__DATA TO PROCESS__:
§ §

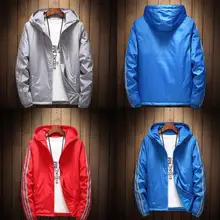 Осенний Тренч 22 стиля, S-8XL размера плюс, зимняя ветровка для влюбленных, толстое хлопковое пальто с бахромой, сохраняющее тепло, PXD10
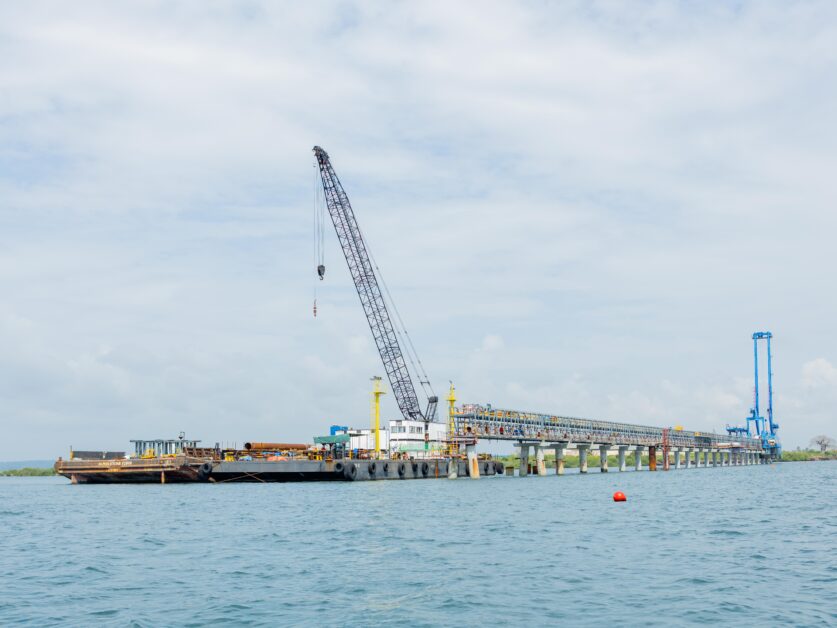 a-cross-sectional-view-of-ongoing-construction-of-the-marine-storage-jetty-at-tanga-port-837x628-2
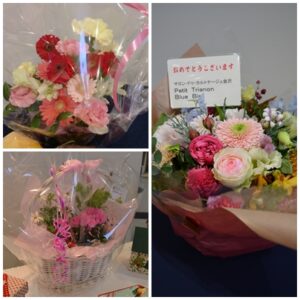 %e4%bd%9c%e5%93%81%e5%b1%95b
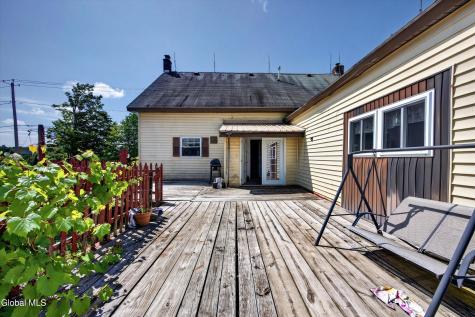 7184 New York 29 Dolgeville NY 13329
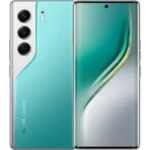 CAMON 40 Pro 5G – Image 4
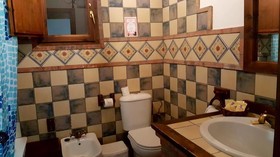 La Posada del Duende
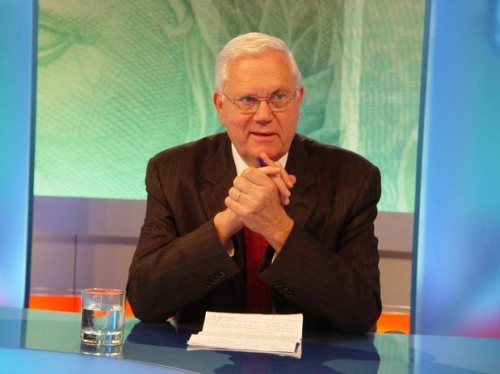 Clique aqui para ampliar!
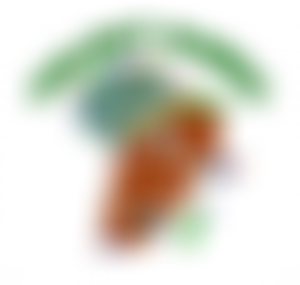 Project Gambia Trust - Ridgewood | Charici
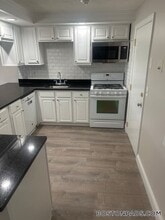 13 Kenmar Dr in Billerica, MA - Building Photo - Building Photo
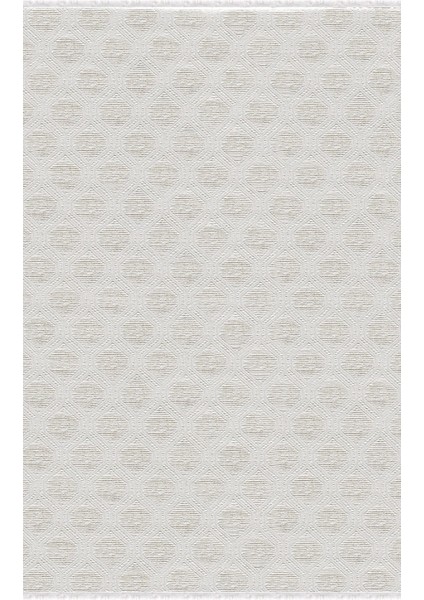 Halı Sümela Koleksiyonu 39142-060 150X233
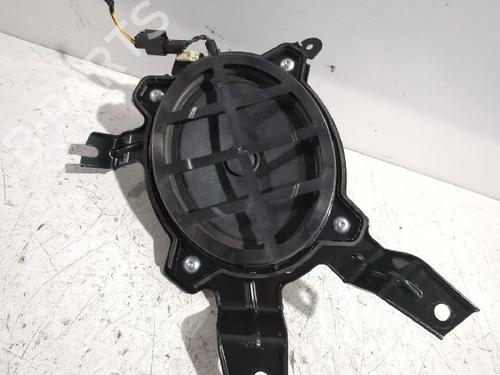 Speaker FORD PUMA (J2K, CF7) 1.0 EcoBoost | BP32465003E2
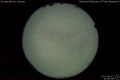 2017/9/27 21:56’08”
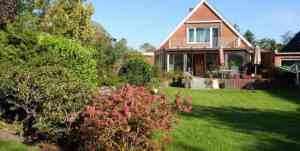 immobilienmakler_elmshorn_Elmshorner_Immobilienkontor_Jörg_Saul_e.K._7.jpg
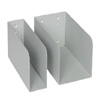Storage Boxes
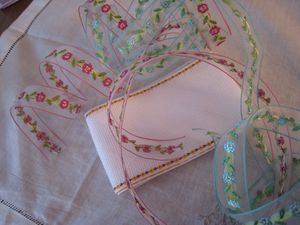 Cr-ations-diverses-4202.JPG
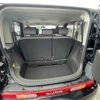 nissan cube 2011 TE3524 image 22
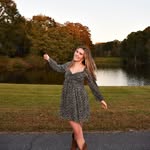 Addison Taylor - @addyt44 - Instagram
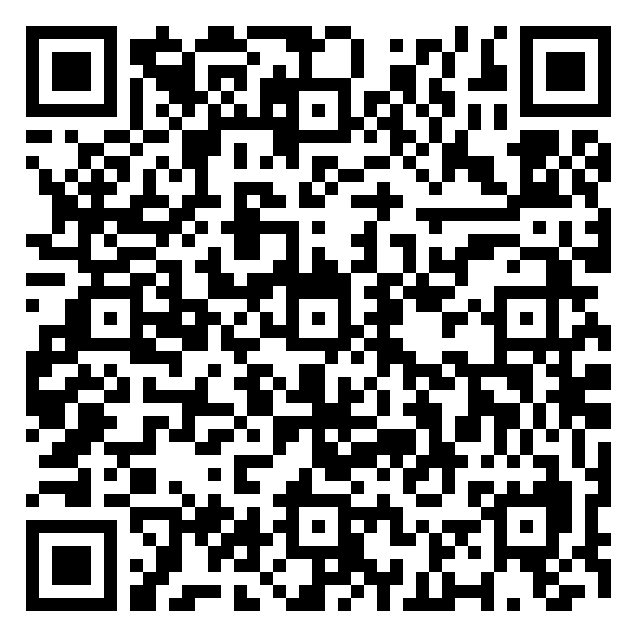 kod QR z danymi kontaktowymi 36794919700000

§ §

Copy out exactly the lines between the line containing "La Posada del Duende" and the end of the entries, including both, and leave the pictures behind.

__RESPONSE AREA__:
 La Posada del Duende
 Clique aqui para ampliar!
 Project Gambia Trust - Ridgewood | Charici
 13 Kenmar Dr in Billerica, MA - Building Photo - Building Photo
 Halı Sümela Koleksiyonu 39142-060 150X233
 Speaker FORD PUMA (J2K, CF7) 1.0 EcoBoost | BP32465003E2
 2017/9/27 21:56’08”
 immobilienmakler_elmshorn_Elmshorner_Immobilienkontor_Jörg_Saul_e.K._7.jpg
Storage Boxes
 Cr-ations-diverses-4202.JPG
 nissan cube 2011 TE3524 image 22
 Addison Taylor - @addyt44 - Instagram
 kod QR z danymi kontaktowymi 36794919700000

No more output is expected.